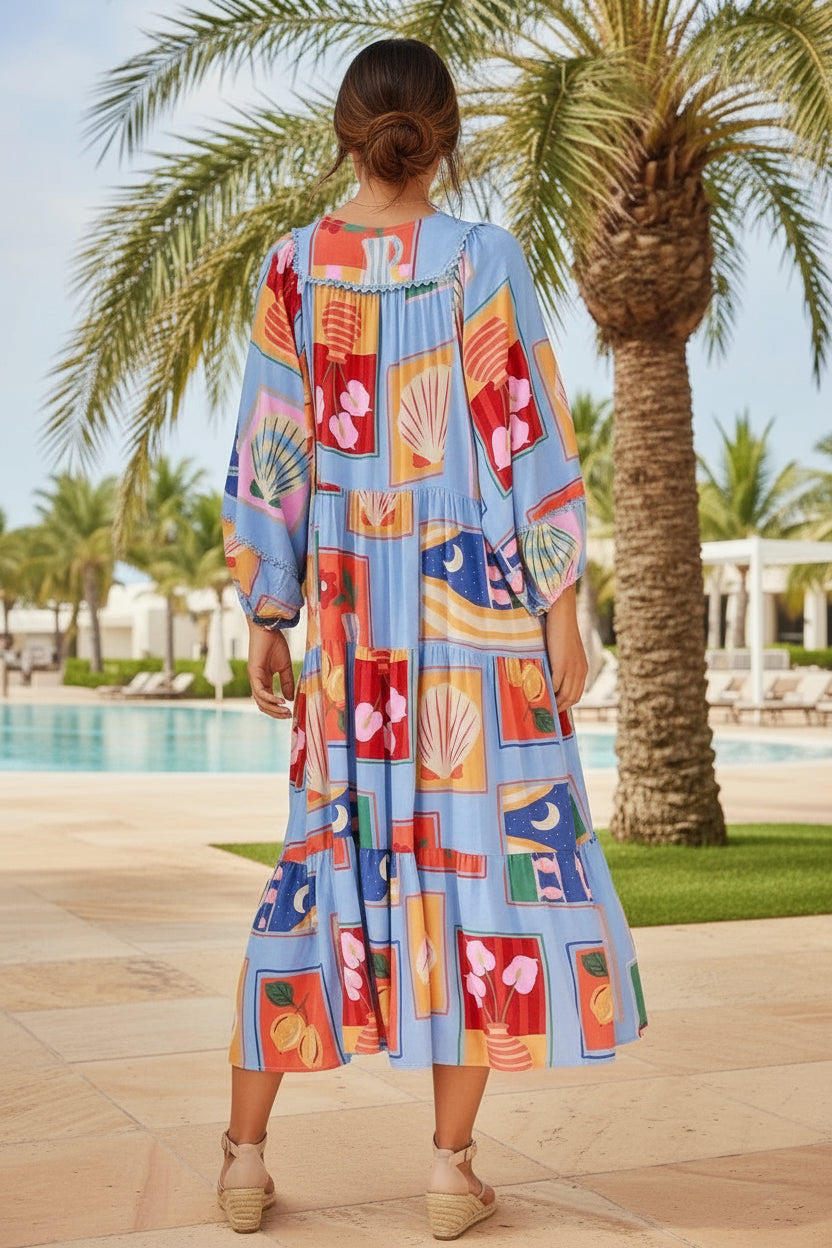 Woman wearing a colorful dress with a palm tree and pool in the background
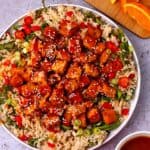 Vegan orange tofu is served with rice and vegetables.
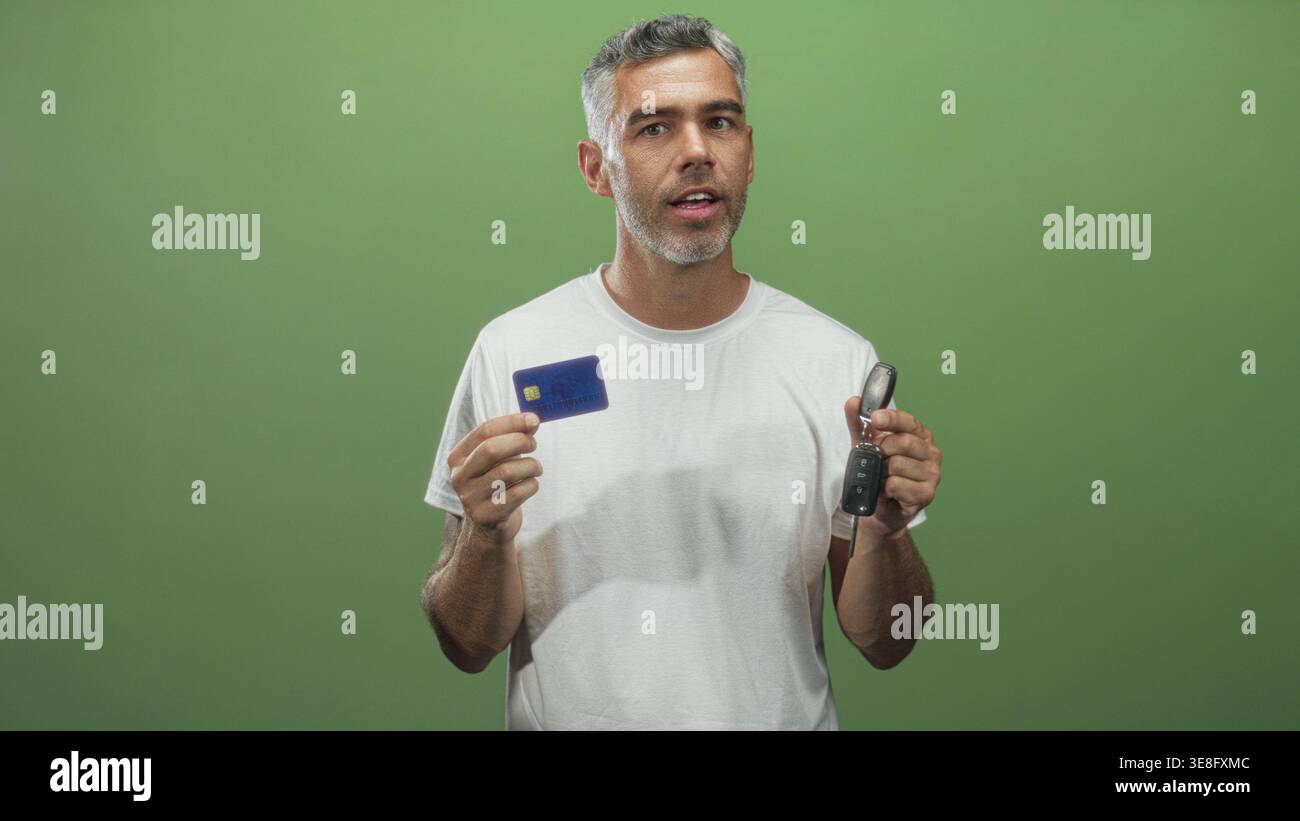 Uomo di mezza età con i capelli grigi tiene una carta di credito e le chiavi dell'auto in una mano, l'altra mano vicino al petto, gli occhi chiusi, indossa una t shirt bianca in studio; fi Foto Stock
=======
## Exercise details:
A faithful copy of all the lines above is needed, with the pictures omitted.

## Result of this task:
 Woman wearing a colorful dress with a palm tree and pool in the background
 Vegan orange tofu is served with rice and vegetables.
 Uomo di mezza età con i capelli grigi tiene una carta di credito e le chiavi dell'auto in una mano, l'altra mano vicino al petto, gli occhi chiusi, indossa una t shirt bianca in studio; fi Foto Stock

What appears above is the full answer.